#### Exercise description:
Repeat the records below exactly. Omit the pictures.

#### Source records:

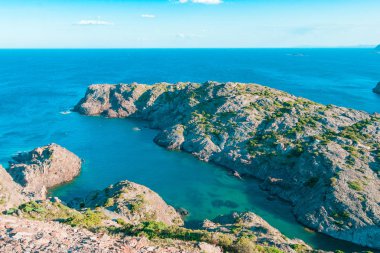 Cap de Creus Milli Parkı, Akdeniz sahil Costa Brava, İspanya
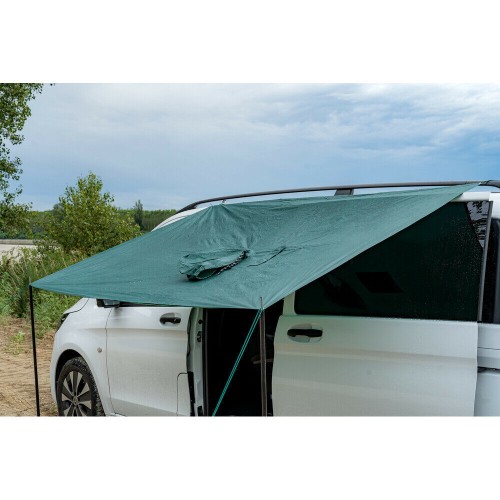 ΑΔΙΑΒΡΟΧΟ ΜΕ ΚΟΥΚΟΥΛΑ ΣΕ ΠΡΑΣΙΝΟ ΧΡΩΜΑ 140x105cm ADVENTURE RAIN PONCHO 1ΤΕΜ.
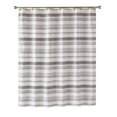 thumbnail image 1 of SKL Home by Saturday Knight Ltd. Cortina de ducha con rayas geométricas, color negro, 70 x 72, 1 of 1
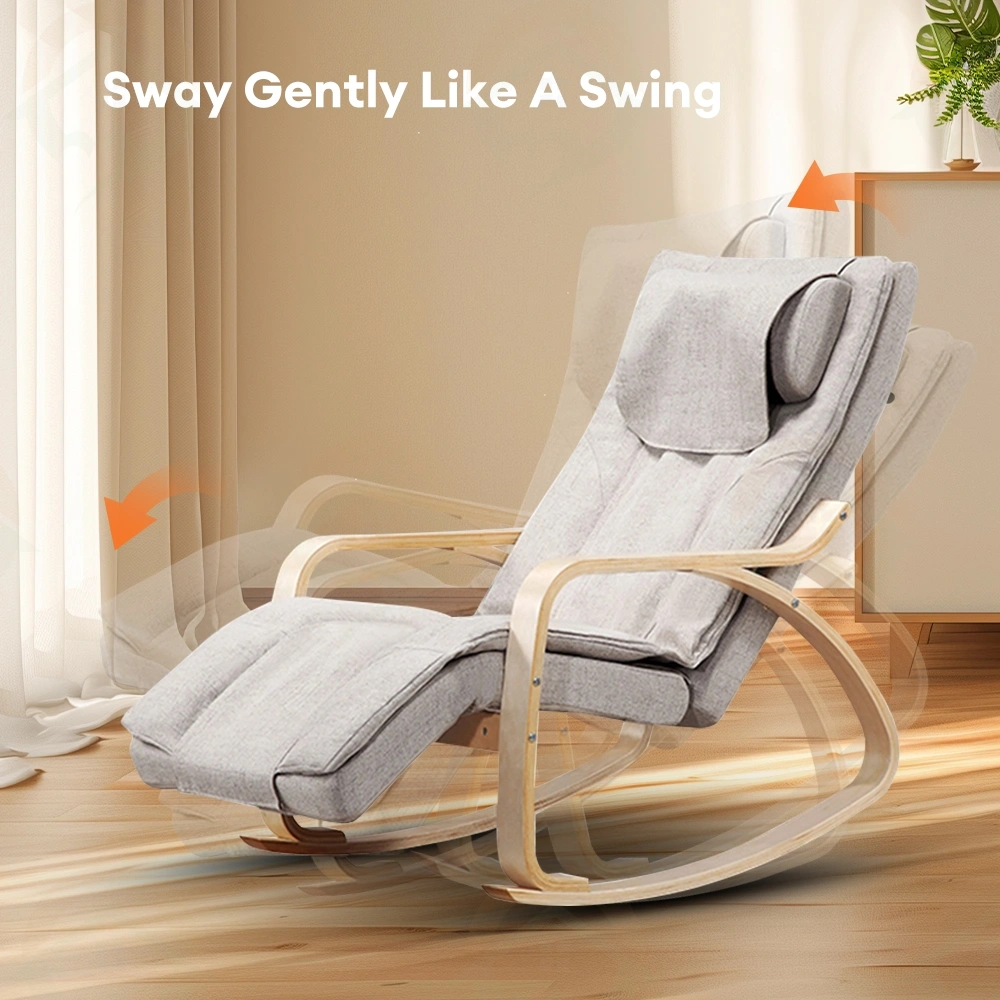 A9 Wooden Rocking Massage Recliner - 图片 2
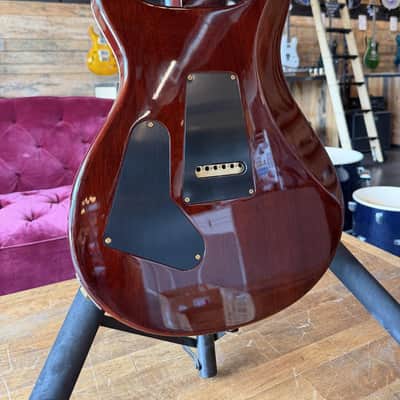 PRS Custom 24 Electric Guitar - Tiger Eye 10-Top w/Hardshell Case image 7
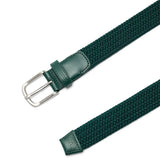 J.Lindeberg Golf Belt - Benny Woven 3cm - Forest Biome AW26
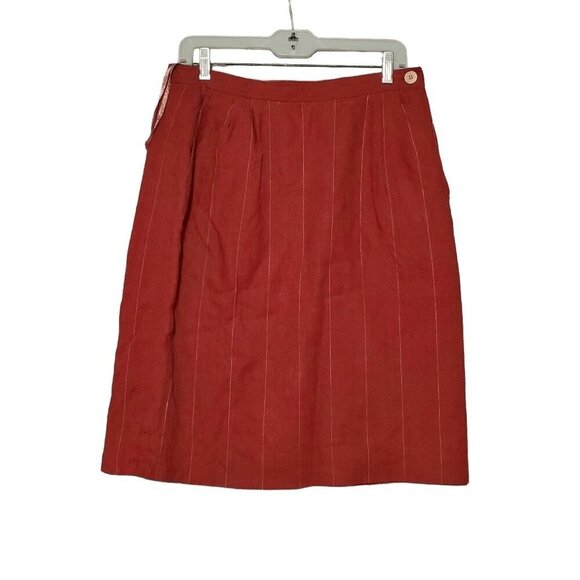 Christian Dior Dresses & Skirts - VTG Christian Dior SEPARATES Women's Pinstripe 100% Linen Pencil Skirt 14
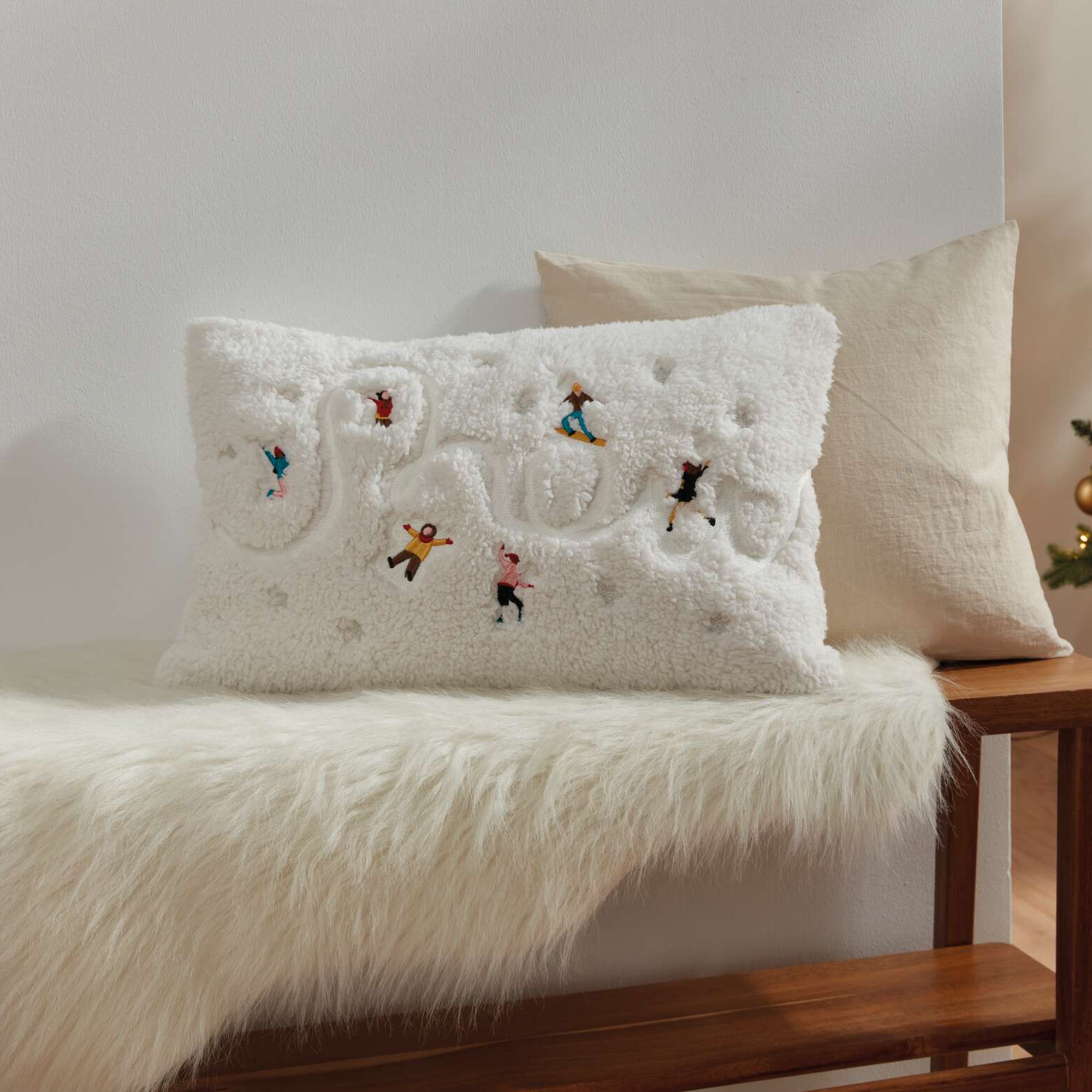 Acheter Housse de coussin "plaisir de la neige"  dans la boutique en ligne de Frank Flechtwaren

#### Result of this task:
 Cap de Creus Milli Parkı, Akdeniz sahil Costa Brava, İspanya
 ΑΔΙΑΒΡΟΧΟ ΜΕ ΚΟΥΚΟΥΛΑ ΣΕ ΠΡΑΣΙΝΟ ΧΡΩΜΑ 140x105cm ADVENTURE RAIN PONCHO 1ΤΕΜ.
 thumbnail image 1 of SKL Home by Saturday Knight Ltd. Cortina de ducha con rayas geométricas, color negro, 70 x 72, 1 of 1
 A9 Wooden Rocking Massage Recliner - 图片 2
 PRS Custom 24 Electric Guitar - Tiger Eye 10-Top w/Hardshell Case image 7
 J.Lindeberg Golf Belt - Benny Woven 3cm - Forest Biome AW26
 Christian Dior Dresses & Skirts - VTG Christian Dior SEPARATES Women's Pinstripe 100% Linen Pencil Skirt 14
 Acheter Housse de coussin "plaisir de la neige"  dans la boutique en ligne de Frank Flechtwaren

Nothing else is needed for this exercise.